**WHAT YOU WILL DO**
Below is a listing; retype exactly the lines between the one containing "2011 Dodge Avenger" and the one containing "New Design Home", inclusive, minus the pictures.

**INPUT MATERIAL**
=== Begin Enclosure ===
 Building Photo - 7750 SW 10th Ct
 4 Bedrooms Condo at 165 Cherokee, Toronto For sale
=== End Enclosure ===
=== Begin Enclosure ===
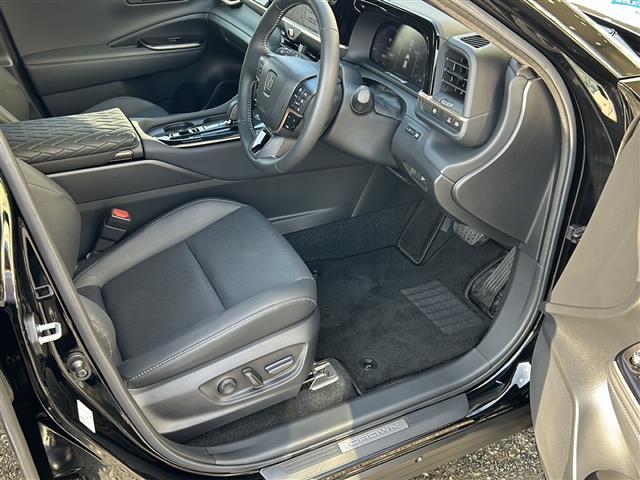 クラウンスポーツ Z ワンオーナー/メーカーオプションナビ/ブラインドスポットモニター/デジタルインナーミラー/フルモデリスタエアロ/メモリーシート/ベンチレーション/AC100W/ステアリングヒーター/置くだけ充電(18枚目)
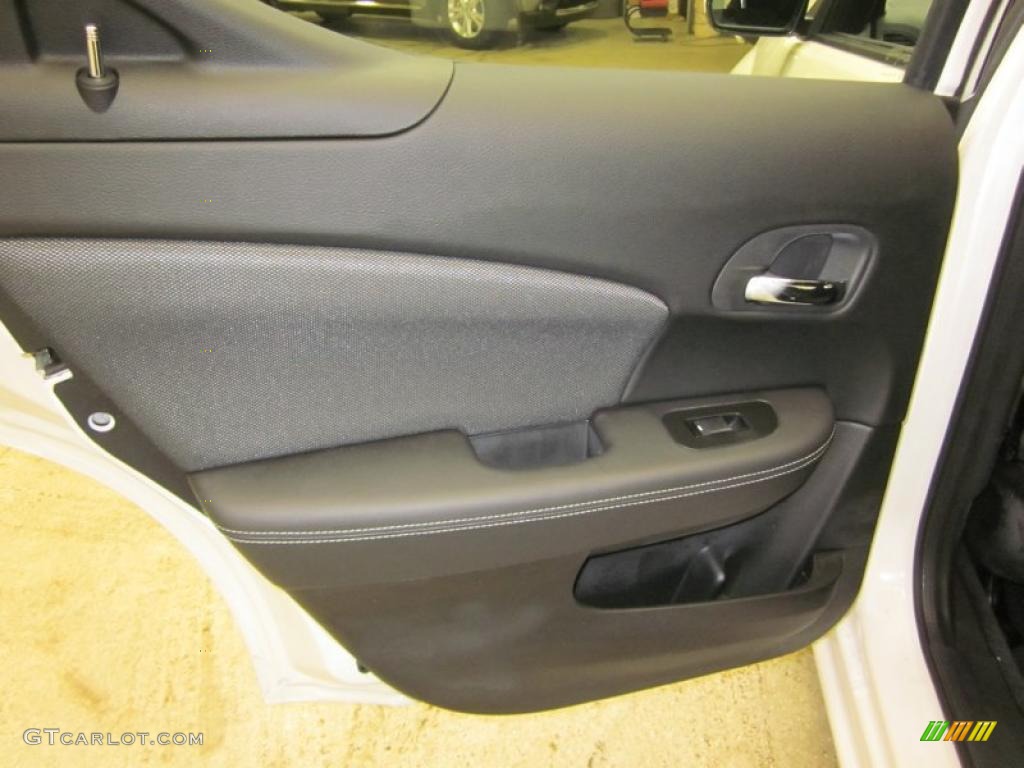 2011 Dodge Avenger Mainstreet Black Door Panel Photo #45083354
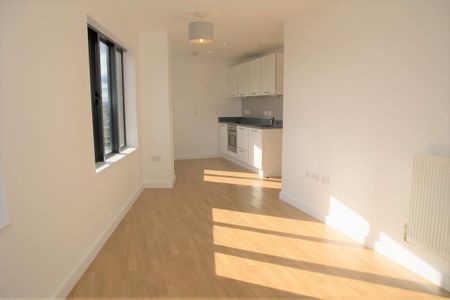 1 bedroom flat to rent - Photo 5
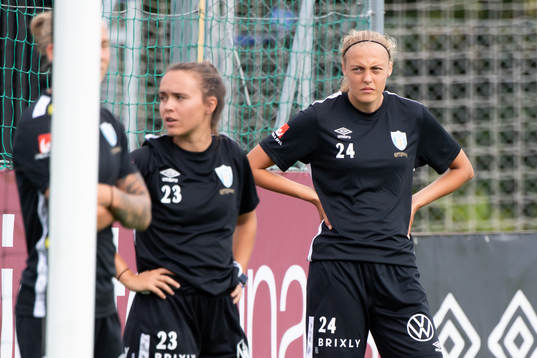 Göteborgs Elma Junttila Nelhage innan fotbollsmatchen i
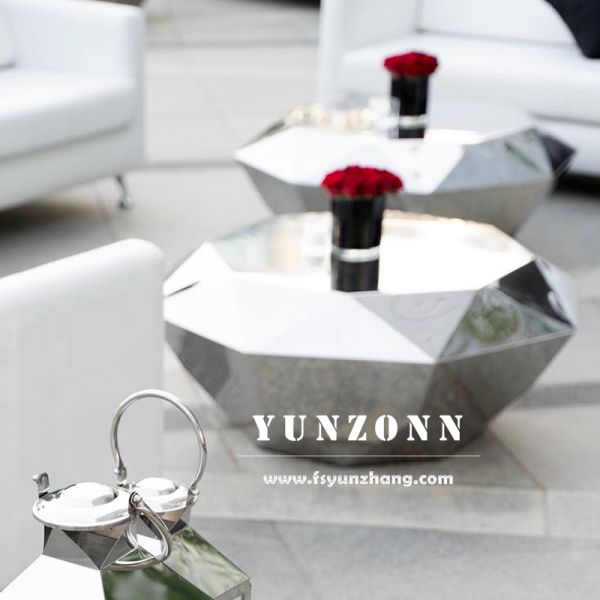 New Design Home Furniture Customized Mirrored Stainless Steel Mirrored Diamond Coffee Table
=== End Enclosure ===
**EXERCISE OUTPUT**
 2011 Dodge Avenger Mainstreet Black Door Panel Photo #45083354
 1 bedroom flat to rent - Photo 5
 Göteborgs Elma Junttila Nelhage innan fotbollsmatchen i
 New Design Home Furniture Customized Mirrored Stainless Steel Mirrored Diamond Coffee Table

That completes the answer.